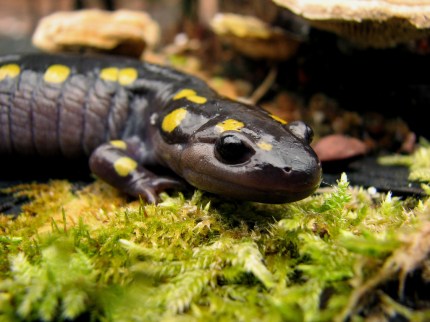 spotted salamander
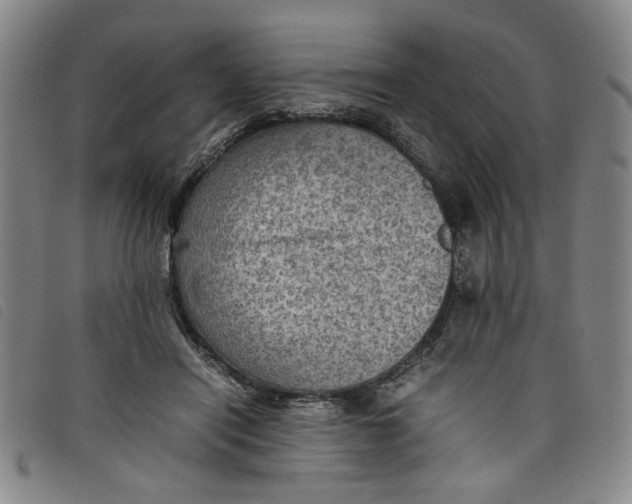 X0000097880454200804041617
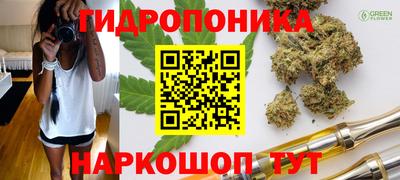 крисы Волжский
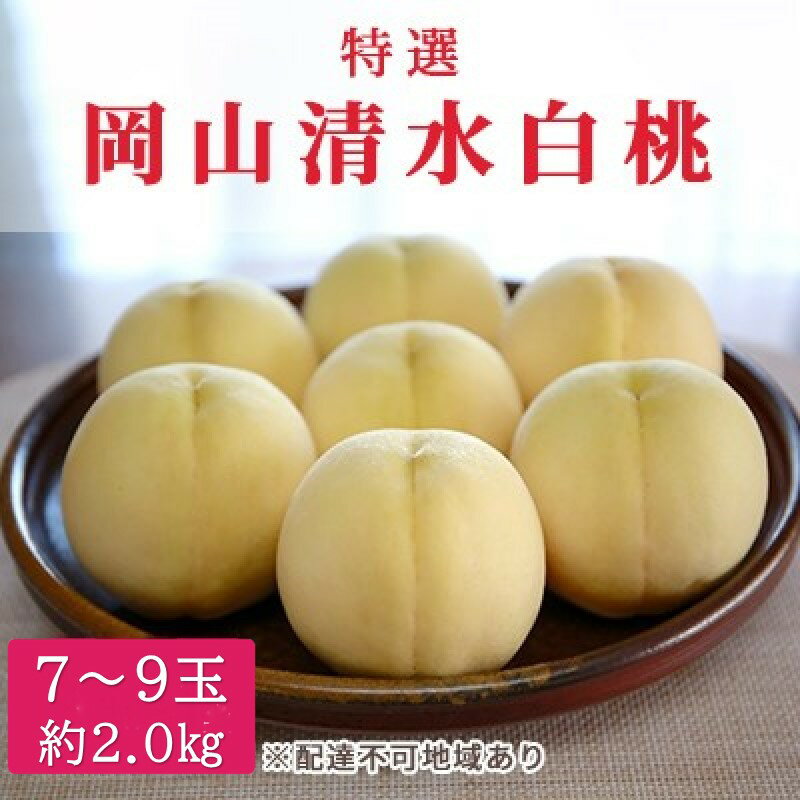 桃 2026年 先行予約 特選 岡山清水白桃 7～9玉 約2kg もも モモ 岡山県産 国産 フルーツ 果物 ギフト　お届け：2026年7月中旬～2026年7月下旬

--

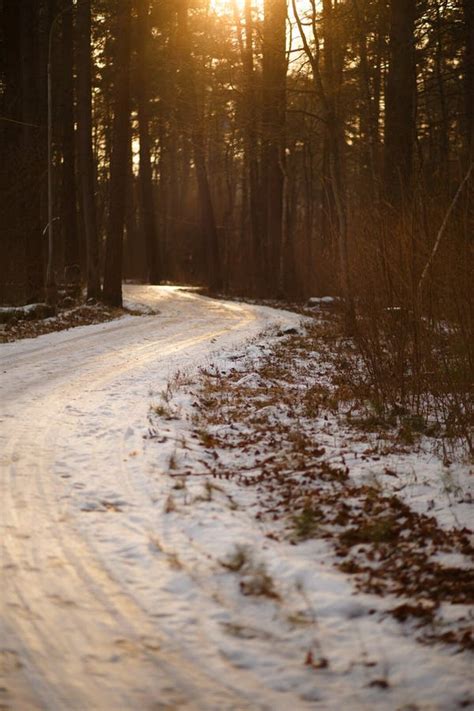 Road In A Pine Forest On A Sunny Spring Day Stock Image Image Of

* * *

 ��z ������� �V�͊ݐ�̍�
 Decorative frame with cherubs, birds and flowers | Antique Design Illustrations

TRY IT »
Nothing but the lines from the one with "spotted salamander" to the one with "桃 2026年 先行予約" above, both included, should be transcribed, exactly and without pictures.

RESPONSE TO THIS TASK »
 spotted salamander
 X0000097880454200804041617
 крисы Волжский
 桃 2026年 先行予約 特選 岡山清水白桃 7～9玉 約2kg もも モモ 岡山県産 国産 フルーツ 果物 ギフト　お届け：2026年7月中旬～2026年7月下旬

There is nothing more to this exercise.